Russell Donald
- Born: Russell Lindsay Hunter Donald 9 September 1898 Glasgow, Scotland
- Died: 31 December 1932 (aged 34) Clarkston, Scotland

Rugby union career
- Position: Fly-half

Amateur team(s)
- Years: Team / Apps / (Points)
- -: Glasgow HSFP

Provincial / State sides
- Years: Team / Apps / (Points)
- -: Glasgow District
- -: Cities District
- -: Scotland Possibles

International career
- Years: Team / Apps / (Points)
- 1921: Scotland / 3 / (0)

= Russell Donald =

Russell Donald (9 September 1898 - 31 December 1932) was a Scotland international rugby union player.

==Rugby Union career==

===Amateur career===

Donald played for Glasgow HSFP.

He received a knee injury in 1919, but an operation in 1920 was successful, and he was selected by Scotland in 1921.

===Provincial career===

Donald played for Glasgow District.

He played for Cities District against Provinces District on 11 December 1920.

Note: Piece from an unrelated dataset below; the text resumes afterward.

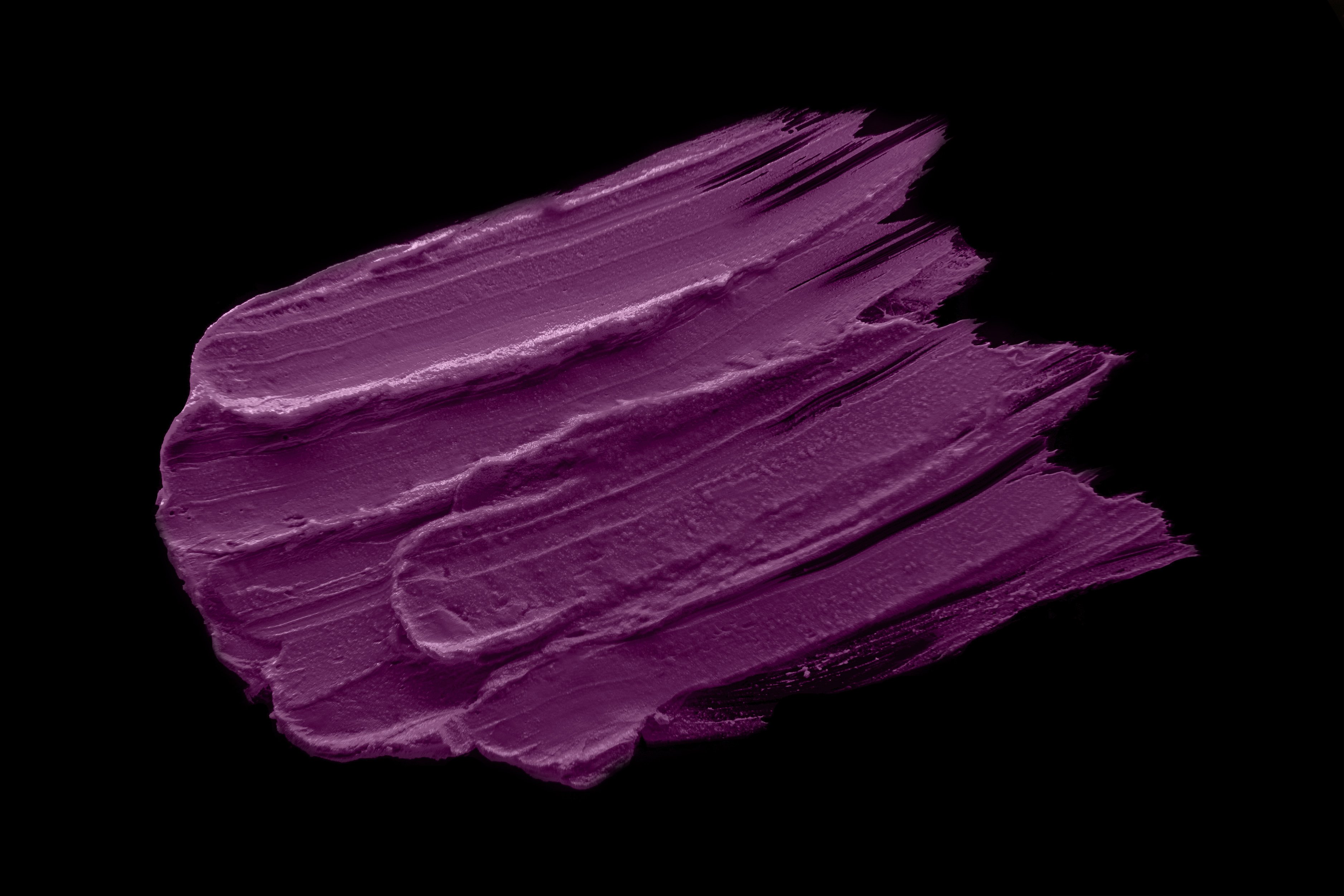 Sensation Silk-Matte Lipstick in Magenta Purple, showcasing its luxurious packaging and vibrant color.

He played for Scotland Possibles against Scotland Probables on 8 January 1921.

===International career===

Donald received 3 caps for Scotland, all in 1921.

It seemed that he would go on and collect many more caps, but another knee injury stopped his playing career. Afterwards he went into coaching and became a selector for the national team.

==Business career==

He worked in Canada for a while, with the firm Pilkington Brothers, the Glass manufacturers. While there he coached rugby, before returning to Scotland, still with the Pilkington Bros. company.

==Death==

He died in 1932, a victim of an influenza outbreak. He is buried in Eastwood New Cemetery, outside of Glasgow.

His estate was valued at over £1830.